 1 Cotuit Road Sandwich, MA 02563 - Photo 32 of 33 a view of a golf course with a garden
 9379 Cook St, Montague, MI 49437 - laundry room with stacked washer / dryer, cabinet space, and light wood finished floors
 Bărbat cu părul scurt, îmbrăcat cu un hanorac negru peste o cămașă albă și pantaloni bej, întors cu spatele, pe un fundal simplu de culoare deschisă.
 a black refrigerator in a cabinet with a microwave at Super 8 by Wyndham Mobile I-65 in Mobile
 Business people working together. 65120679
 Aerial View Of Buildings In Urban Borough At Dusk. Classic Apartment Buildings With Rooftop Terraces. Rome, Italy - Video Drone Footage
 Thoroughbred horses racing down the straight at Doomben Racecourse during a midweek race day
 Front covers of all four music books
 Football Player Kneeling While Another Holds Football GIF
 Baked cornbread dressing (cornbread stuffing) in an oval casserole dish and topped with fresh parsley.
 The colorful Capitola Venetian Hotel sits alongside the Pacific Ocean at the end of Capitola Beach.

---

The task> Bring together all lines from the listing that contain the word "cabinet".

Task answer>
 9379 Cook St, Montague, MI 49437 - laundry room with stacked washer / dryer, cabinet space, and light wood finished floors
 a black refrigerator in a cabinet with a microwave at Super 8 by Wyndham Mobile I-65 in Mobile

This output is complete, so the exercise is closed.